> What the task asks
For the entries below, repeat exactly each line starting with the one that contains "mapa Gaj gmina" and going on through the one that contains "7 - -гидроксихолестерин", and no others.

> Available data
────────────────────────────────────────

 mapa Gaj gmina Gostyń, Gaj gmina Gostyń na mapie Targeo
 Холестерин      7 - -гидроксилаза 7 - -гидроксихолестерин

────────────────────────────────────────

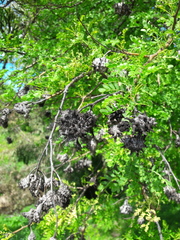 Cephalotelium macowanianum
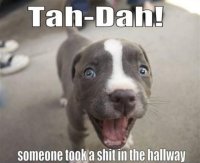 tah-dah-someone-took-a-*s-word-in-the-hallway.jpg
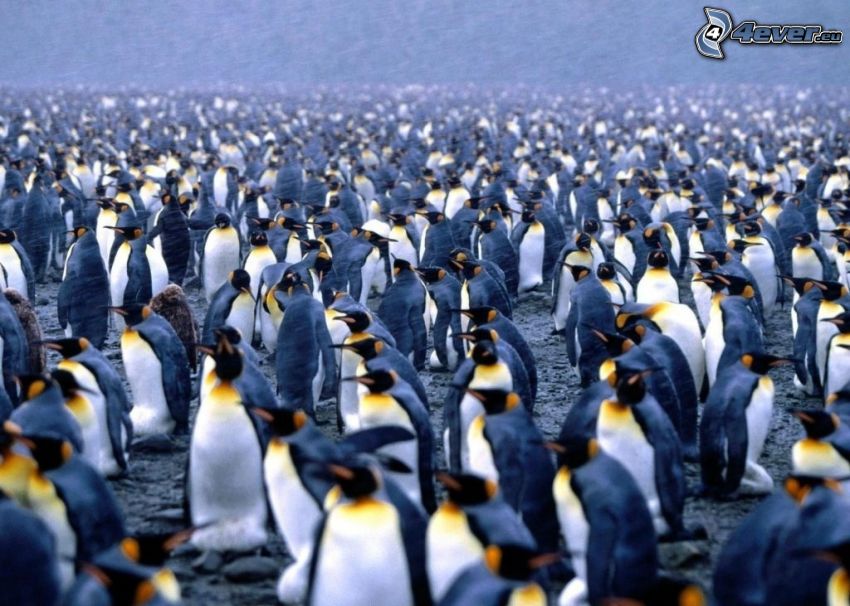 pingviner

────────────────────────────────────────

> Response to the exercise
 mapa Gaj gmina Gostyń, Gaj gmina Gostyń na mapie Targeo
 Холестерин      7 - -гидроксилаза 7 - -гидроксихолестерин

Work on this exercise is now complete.